## [Assignment]
What is the number of lines below that contain the word "blue"? Respond with that number alone.

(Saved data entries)
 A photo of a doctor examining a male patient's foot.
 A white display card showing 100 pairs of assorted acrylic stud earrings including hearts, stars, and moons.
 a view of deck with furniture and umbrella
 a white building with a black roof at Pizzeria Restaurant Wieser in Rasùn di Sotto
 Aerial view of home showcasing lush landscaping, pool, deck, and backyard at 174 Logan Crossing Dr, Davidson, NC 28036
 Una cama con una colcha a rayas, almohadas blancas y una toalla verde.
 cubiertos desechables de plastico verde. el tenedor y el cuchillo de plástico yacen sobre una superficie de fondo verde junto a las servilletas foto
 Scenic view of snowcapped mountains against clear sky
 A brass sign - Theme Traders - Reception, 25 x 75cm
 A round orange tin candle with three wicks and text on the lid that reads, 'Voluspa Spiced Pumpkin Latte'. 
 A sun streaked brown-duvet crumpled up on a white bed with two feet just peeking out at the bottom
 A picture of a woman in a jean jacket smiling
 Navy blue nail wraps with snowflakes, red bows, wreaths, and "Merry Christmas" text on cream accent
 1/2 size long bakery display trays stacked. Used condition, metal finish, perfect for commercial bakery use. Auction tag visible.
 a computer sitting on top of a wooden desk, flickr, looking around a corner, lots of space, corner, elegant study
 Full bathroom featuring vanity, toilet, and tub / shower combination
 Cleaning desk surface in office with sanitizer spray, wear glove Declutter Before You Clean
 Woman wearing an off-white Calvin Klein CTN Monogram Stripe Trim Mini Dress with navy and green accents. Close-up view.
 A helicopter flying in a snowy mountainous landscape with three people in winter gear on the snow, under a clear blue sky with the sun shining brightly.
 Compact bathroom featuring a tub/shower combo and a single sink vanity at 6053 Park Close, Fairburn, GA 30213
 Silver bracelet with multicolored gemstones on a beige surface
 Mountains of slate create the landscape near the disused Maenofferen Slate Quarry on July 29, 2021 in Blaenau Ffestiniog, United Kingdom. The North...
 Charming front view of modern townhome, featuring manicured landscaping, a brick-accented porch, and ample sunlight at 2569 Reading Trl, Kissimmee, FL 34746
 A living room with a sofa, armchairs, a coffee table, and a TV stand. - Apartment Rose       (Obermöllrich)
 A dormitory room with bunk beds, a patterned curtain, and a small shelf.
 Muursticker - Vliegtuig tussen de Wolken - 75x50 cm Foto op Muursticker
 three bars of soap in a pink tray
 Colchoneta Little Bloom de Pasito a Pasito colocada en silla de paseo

## [Response]
2